*REQUIRED WORK*
For any picture in the lines below, please leave it out and copy the rest exactly.

*DATA SECTION*
◆ ◆ ◆ ◆ ◆ ◆ ◆
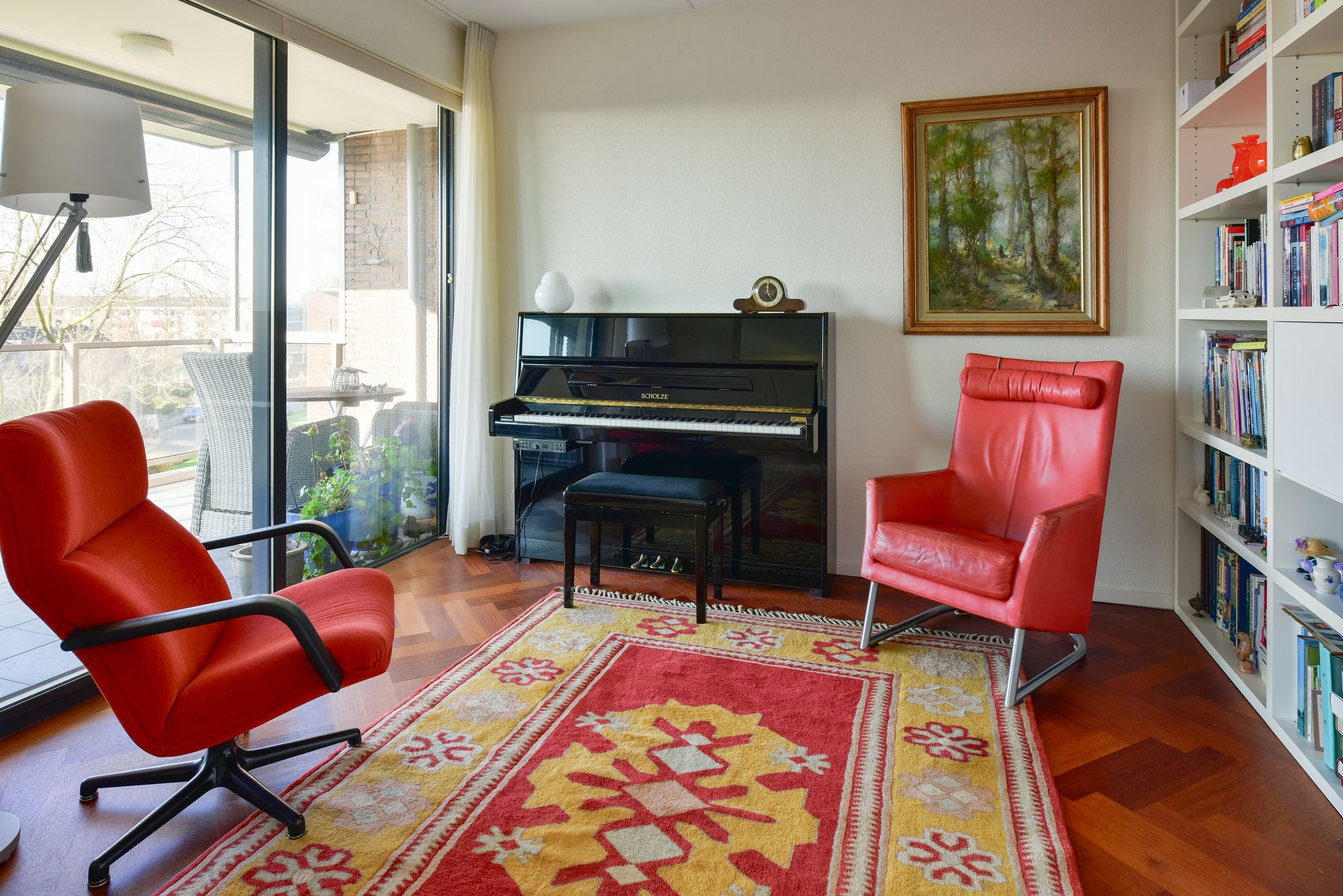 Foto 6 van Franklinstraat 81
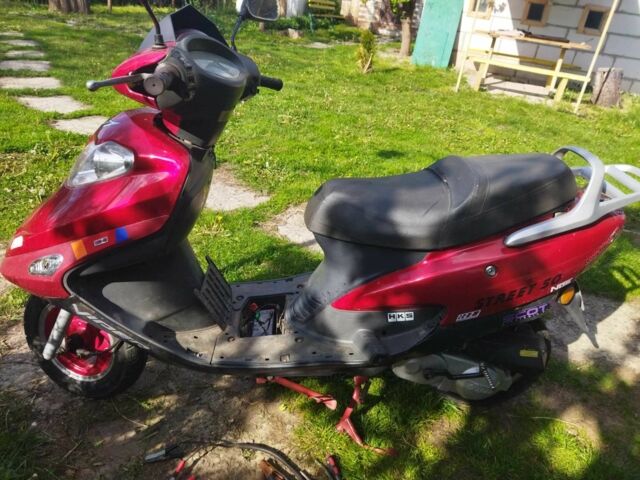 Вайпер Інша, об'ємом двигуна 85 л та пробігом 0 тис. км за 204 $, фото 5 на Automoto.ua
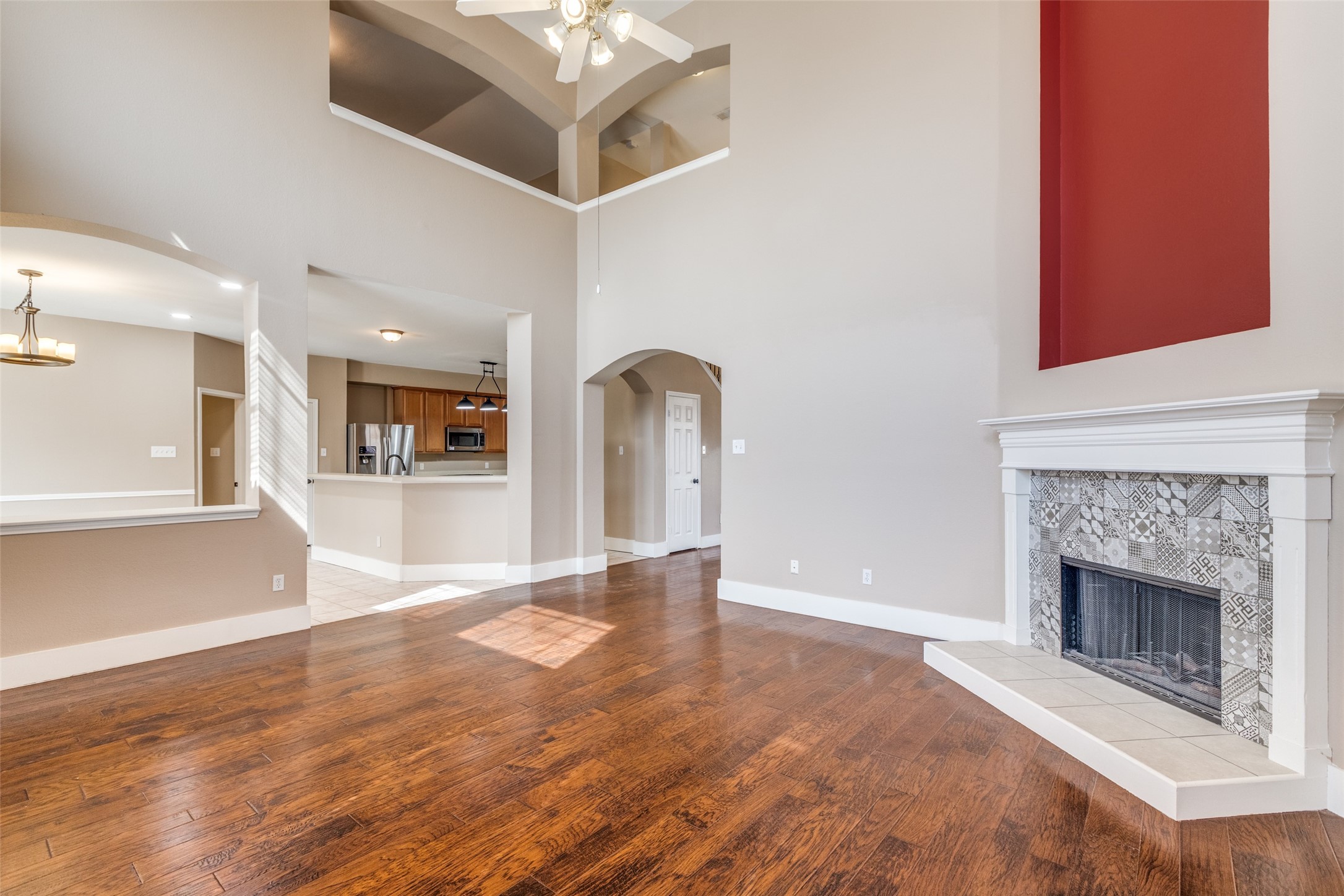 5857 Chatham Lane The Colony TX 75056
◆ ◆ ◆ ◆ ◆ ◆ ◆
*SOLUTION*
 Foto 6 van Franklinstraat 81
 Вайпер Інша, об'ємом двигуна 85 л та пробігом 0 тис. км за 204 $, фото 5 на Automoto.ua
 5857 Chatham Lane The Colony TX 75056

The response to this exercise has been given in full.